Music Foundation Model as Generic Booster for Music Downstream Tasks
WeiHsiang Liao, Yuhta Takida, Yukara Ikemiya, Zhi Zhong, Chieh-Hsin Lai, Giorgio Fabbro, Kazuki Shimada, Keisuke Toyama, Kinwai Cheuk, Marco A. Martínez-Ramírez, Shusuke Takahashi, Stefan Uhlich, Taketo Akama, Woosung Choi, Yuichiro Koyama, Yuki Mitsufuji
TL;DR
This work addresses the challenge of boosting diverse music downstream tasks with a single foundation model. It introduces SoniDo, a two-stage hierarchical architecture combining HQ-VAE stage-1 with stage-2 sparse transformers to produce transferable, multi-level tokens (SoniDo features) that serve as task-agnostic boosters.
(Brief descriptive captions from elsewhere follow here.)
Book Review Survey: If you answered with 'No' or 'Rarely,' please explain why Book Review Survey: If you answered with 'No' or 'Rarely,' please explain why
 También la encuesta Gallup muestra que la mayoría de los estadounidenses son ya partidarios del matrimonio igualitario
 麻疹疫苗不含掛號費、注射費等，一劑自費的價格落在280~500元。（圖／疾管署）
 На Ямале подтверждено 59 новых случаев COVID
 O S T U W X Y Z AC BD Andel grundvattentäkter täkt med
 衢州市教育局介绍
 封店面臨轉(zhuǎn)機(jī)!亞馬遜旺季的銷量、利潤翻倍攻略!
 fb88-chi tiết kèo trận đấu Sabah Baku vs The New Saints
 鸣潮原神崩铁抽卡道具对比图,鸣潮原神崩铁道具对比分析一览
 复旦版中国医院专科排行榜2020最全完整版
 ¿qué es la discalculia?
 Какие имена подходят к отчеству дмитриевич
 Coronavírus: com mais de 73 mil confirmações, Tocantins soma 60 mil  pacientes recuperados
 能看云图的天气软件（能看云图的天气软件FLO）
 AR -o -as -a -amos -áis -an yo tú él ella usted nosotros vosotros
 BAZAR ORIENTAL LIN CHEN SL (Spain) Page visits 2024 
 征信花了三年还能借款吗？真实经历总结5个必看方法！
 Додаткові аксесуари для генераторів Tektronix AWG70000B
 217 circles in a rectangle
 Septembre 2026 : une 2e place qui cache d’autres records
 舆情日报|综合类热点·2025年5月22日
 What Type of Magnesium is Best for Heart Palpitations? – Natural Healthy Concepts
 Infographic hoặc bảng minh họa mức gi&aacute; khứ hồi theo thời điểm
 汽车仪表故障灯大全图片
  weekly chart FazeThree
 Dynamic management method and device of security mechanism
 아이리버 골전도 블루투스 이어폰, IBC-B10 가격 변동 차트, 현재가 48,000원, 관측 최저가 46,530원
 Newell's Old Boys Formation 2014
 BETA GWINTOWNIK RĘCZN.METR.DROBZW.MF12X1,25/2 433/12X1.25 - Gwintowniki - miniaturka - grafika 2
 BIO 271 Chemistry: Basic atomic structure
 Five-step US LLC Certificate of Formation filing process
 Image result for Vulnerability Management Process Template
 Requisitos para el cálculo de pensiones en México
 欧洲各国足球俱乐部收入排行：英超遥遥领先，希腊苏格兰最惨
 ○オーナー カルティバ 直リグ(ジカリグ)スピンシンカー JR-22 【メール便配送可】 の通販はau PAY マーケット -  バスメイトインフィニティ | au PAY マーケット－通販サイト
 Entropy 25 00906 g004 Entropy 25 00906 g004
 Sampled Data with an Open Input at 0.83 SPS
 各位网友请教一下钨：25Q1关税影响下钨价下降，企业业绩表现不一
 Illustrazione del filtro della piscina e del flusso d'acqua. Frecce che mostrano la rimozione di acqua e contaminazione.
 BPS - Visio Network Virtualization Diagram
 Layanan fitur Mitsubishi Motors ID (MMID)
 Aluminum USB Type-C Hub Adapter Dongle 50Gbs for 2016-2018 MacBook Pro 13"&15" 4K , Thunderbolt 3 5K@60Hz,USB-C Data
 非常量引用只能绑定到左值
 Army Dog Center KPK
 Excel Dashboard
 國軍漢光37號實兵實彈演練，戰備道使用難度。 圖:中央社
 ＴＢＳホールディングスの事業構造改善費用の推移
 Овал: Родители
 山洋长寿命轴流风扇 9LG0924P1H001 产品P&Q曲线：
Experimental results show that SoniDo features improve performance across music tagging, transcription, source separation, and mixing, including improvements when data are scarce and gains in task-specific models. The approach offers a data-efficient, scalable path for integrating foundation-model representations into music processing pipelines, while highlighting the need for bias analysis in future work.
Abstract
We demonstrate the efficacy of using intermediate representations from a single foundation model to enhance various music downstream tasks. We introduce SoniDo, a music foundation model (MFM) designed to extract hierarchical features from target music samples. By leveraging hierarchical intermediate features, SoniDo constrains the information granularity, leading to improved performance across various downstream tasks including both understanding and generative tasks. We specifically evaluated this approach on representative tasks such as music tagging, music transcription, music source separation, and music mixing. Our results reveal that the features extracted from foundation models provide valuable enhancements in training downstream task models. This highlights the capability of using features extracted from music foundation models as a booster for downstream tasks. Our approach not only benefits existing task-specific models but also supports music downstream tasks constrained by data scarcity. This paves the way for more effective and accessible music processing solutions.